◆ **Problem to solve**:
The answer is the line with "Diatomaceous Earth Soap" and every line after it to the end of the listing, retyped exactly. Pictures do not belong in it.

◆ **Data**:
'''
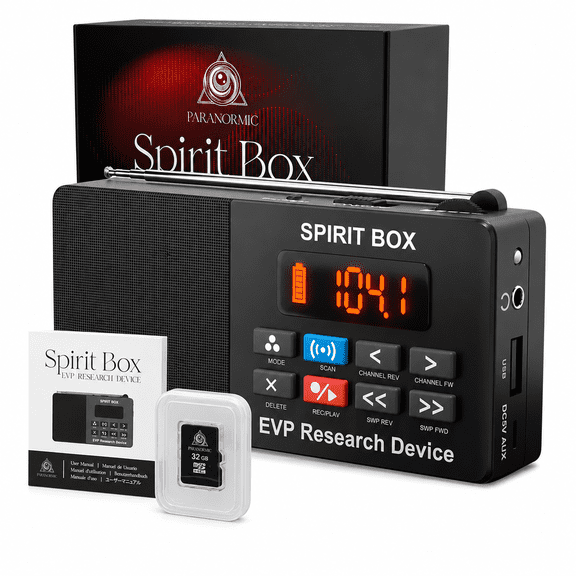 PARANORMIC Spirit Box Ghost Hunters Choice Equipment Kit with 32 GB Micro SD & Integrated Flashlight for Ultimate Paranormal Investigations and EVP Sessions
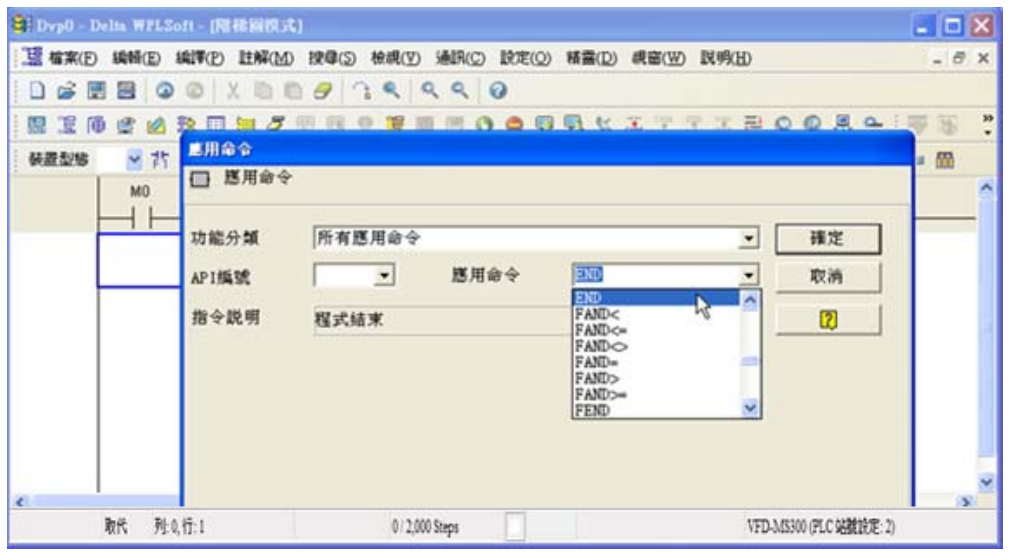 5. 點選應用命令圖示 或按功能鍵 F6，在功能分類字段中點選「所有應用命令」，在應用命令下 拉選單中點選 END 指令或于該字段直接鍵盤鍵入“END”后按下確定鈕。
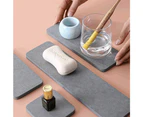 Diatomaceous Earth Soap Holder Water Drying Soap Saver Dish Toothbrush Soap Drink Coaster for Bathroom and Kitchen dark grey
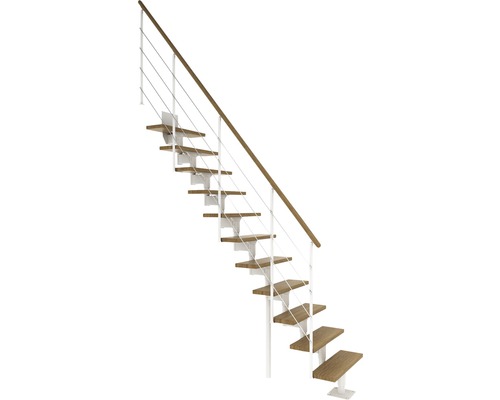 Mittelholmtreppe Pertura Hera gerade mit Geländer 11 Stufen/ 12 Steigungen 73,5 cm Eiche/Weiß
'''
◆ **Answer to the problem**:
 Diatomaceous Earth Soap Holder Water Drying Soap Saver Dish Toothbrush Soap Drink Coaster for Bathroom and Kitchen dark grey
 Mittelholmtreppe Pertura Hera gerade mit Geländer 11 Stufen/ 12 Steigungen 73,5 cm Eiche/Weiß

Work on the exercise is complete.